- [PROMPT] Go to the line holding "トライブレンド 3/4スリーブTシャツ | TBL-118" in the data below and repeat it exactly, then each line after it up to and including the one holding "Лот: 18410111. Фото: 1.". Omit pictures.

- [DATA FOR THE TASK]
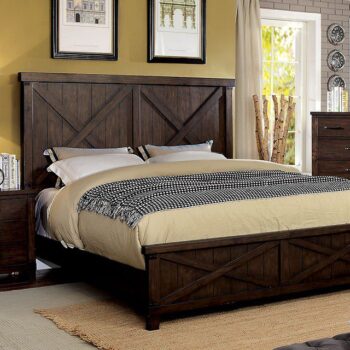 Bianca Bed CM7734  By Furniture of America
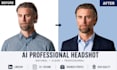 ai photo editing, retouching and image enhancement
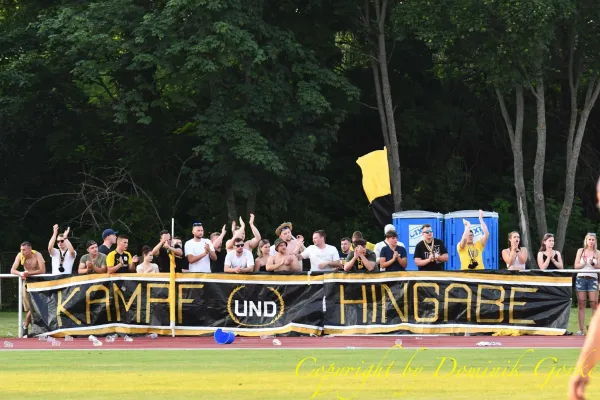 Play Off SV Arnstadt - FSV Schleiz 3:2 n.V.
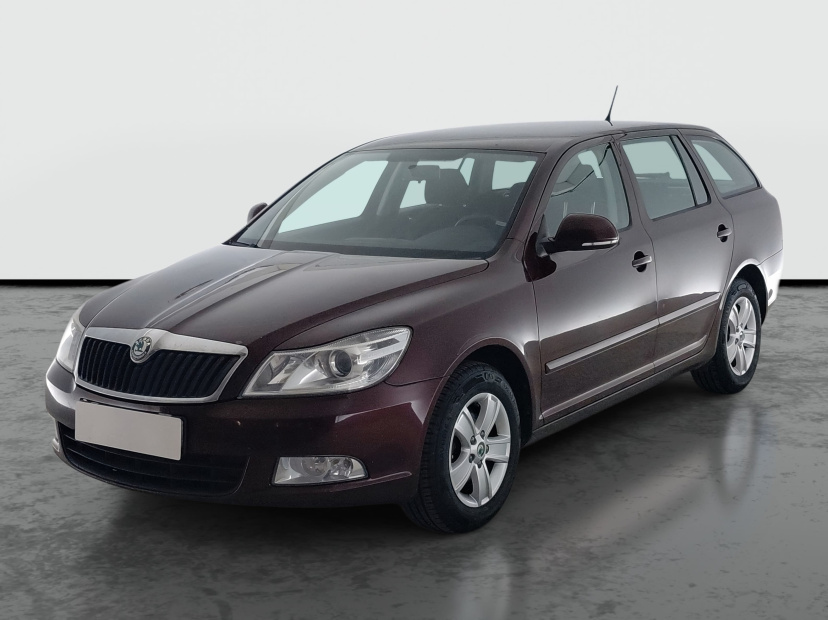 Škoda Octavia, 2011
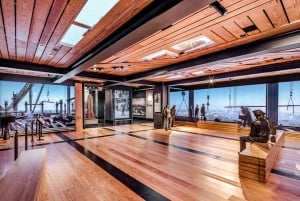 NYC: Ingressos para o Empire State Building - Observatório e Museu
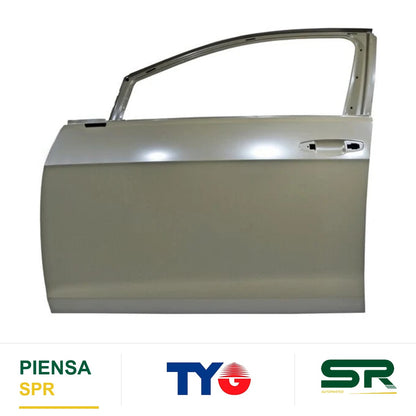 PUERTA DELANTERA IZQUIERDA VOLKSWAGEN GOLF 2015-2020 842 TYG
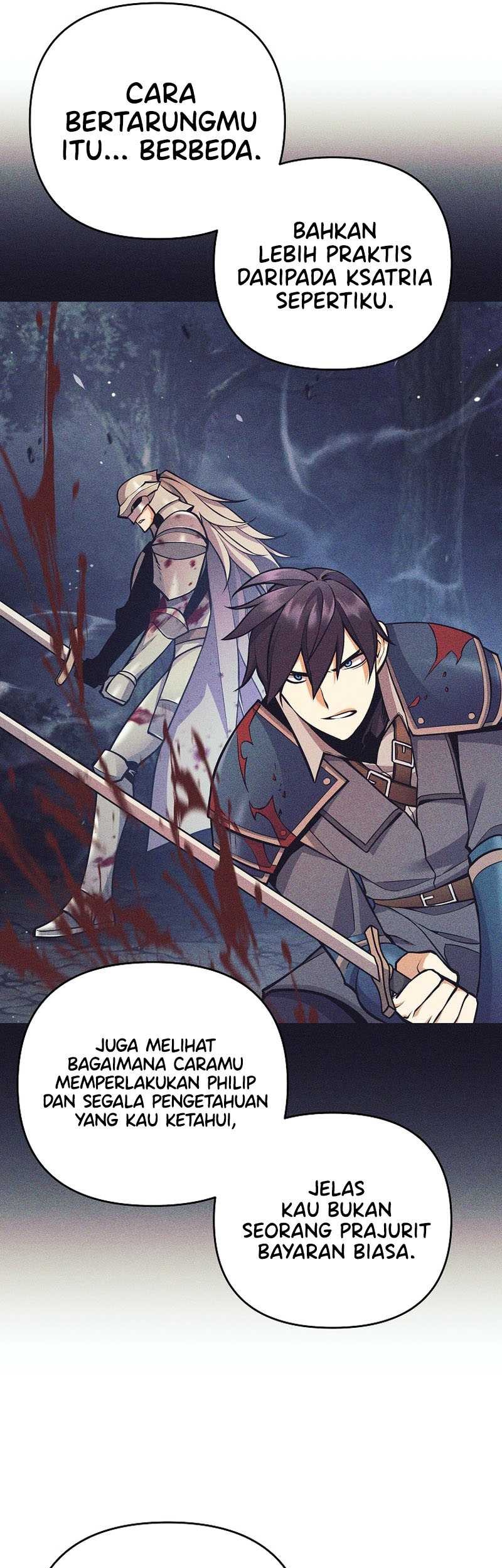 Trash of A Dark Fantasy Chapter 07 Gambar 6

--

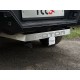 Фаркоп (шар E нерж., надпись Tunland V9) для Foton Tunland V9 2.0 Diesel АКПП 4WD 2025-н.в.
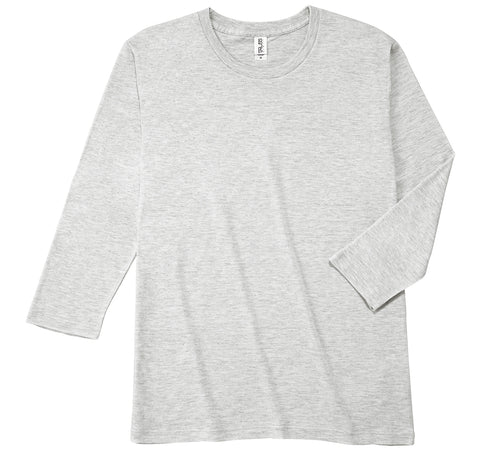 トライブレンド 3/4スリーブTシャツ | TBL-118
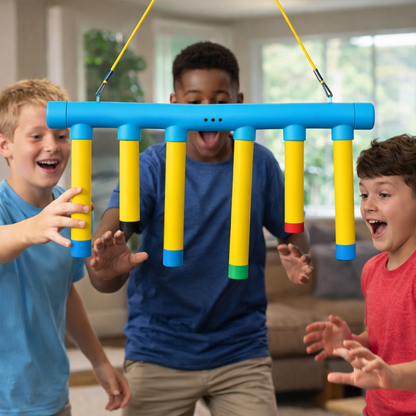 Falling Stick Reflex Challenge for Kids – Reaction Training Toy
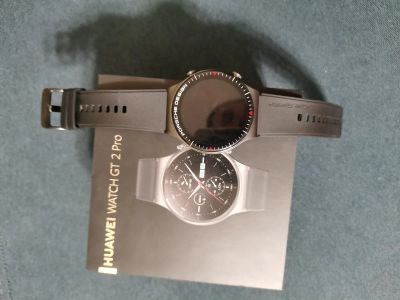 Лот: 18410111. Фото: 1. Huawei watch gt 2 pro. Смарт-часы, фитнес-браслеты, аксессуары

- [SOLUTION TO THE EXERCISE]
 トライブレンド 3/4スリーブTシャツ | TBL-118
 Falling Stick Reflex Challenge for Kids – Reaction Training Toy
 Лот: 18410111. Фото: 1. Huawei watch gt 2 pro. Смарт-часы, фитнес-браслеты, аксессуары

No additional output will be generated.